The County Council concurred Tuesday that the DA should have two offices — one in downtown Salt Lake City, occupying part of a quarter block directly west of the Matheson Courthouse that the county purchased from the LDS Church, and the other in West Jordan, foreseen to be the hub of the fast-growing southwest valley.

That decision now will allow designers to come up with plans for the new buildings, which would be built by the end of 2017, according to a timeline prepared by the consulting firm, MOCA Systems.

"One building becomes highly inefficient serving a growing community out west," said MOCA Systems program manager David Hart, the former Utah State Capitol architect and executive director of the Capitol Preservation Board.

He said the new general configuration — an 86,000-square-foot building downtown and a 35,000-square-foot facility in West Jordan — would give the county 21 percent more space for just a little more money than was needed for a discarded plan to erect a single, 101,000-square-foot office elsewhere in downtown.

That envisioned five-story building originally was projected to cost $33 million, but its costs quickly soared (one estimate reached $50.8 million) before insufficient parking caused the council to back off of that plan. Then, in October of 2013, the county bought a larger parcel (3.1 acres) on the northeast corner of 500 South and Main Street from Property Reserve, Inc., the real-estate arm of the Church of Jesus Christ of Latter-day Saints, for $9.1 million.

County Mayor Ben McAdams' stated intention was to develop a mixed-use project that takes advantage of the Courthouse Trax Station being right in front of the property.

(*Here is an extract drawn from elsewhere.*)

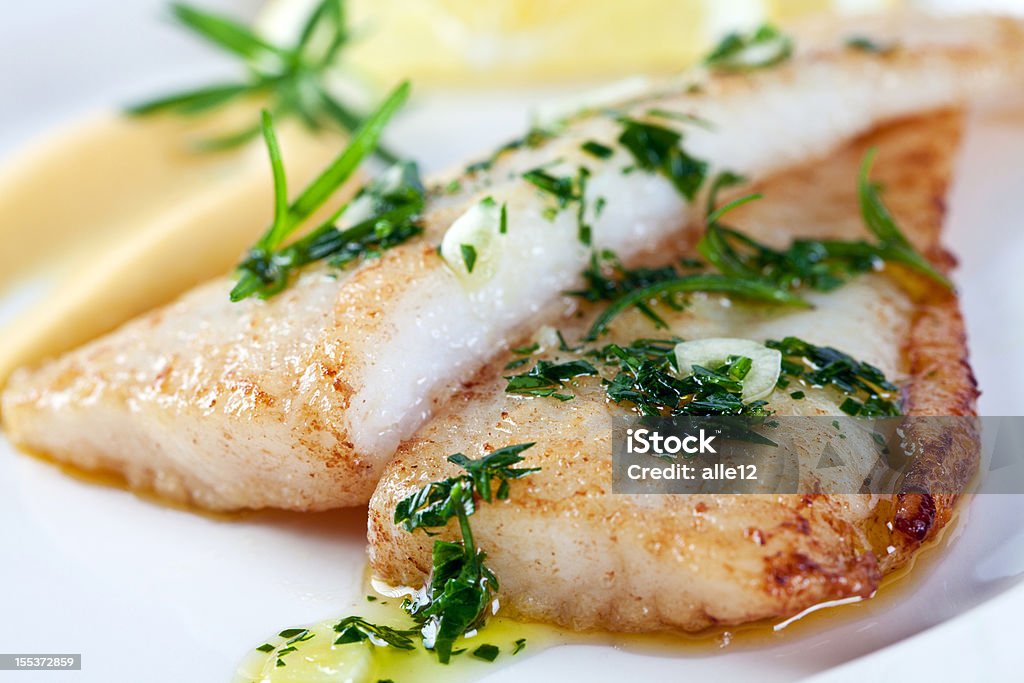 Closeup photograph of white fish Fillet of white fish with parsley, garlic, olive oil and lemon sauce. Fish Stock Photo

Hart told the council Tuesday that it would be best to proceed with the District Attorney's office structure alone on the southeastern portion of that parcel and to hold onto the land to the west. The DA will get badly needed offices more readily — it now rents three sites for $1.5 million a year — while giving the county "the chance of working with a developer later on the mixed-use property," he added.

This next part of the process could potentially revive a question that helped doom the prior plan: How perfect should this building be?

The Democratic administrations of mayors Peter Corroon and Ben McAdams as well as District Attorney Sim Gill have advocated for a structure that meets the highest environmental standards, arguing that long-term energy savings more than offset higher upfront costs.

But the Republican-majority council didn't want current taxpayers to foot the bill for long-term benefits they didn't believe would be as significant as advocates contended. They favored an energy-efficient building, just not the most energy-efficient building.

"That's been a sticking point for the council in previous years," Councilman Michael Jensen reminded the consultant and mayoral staff.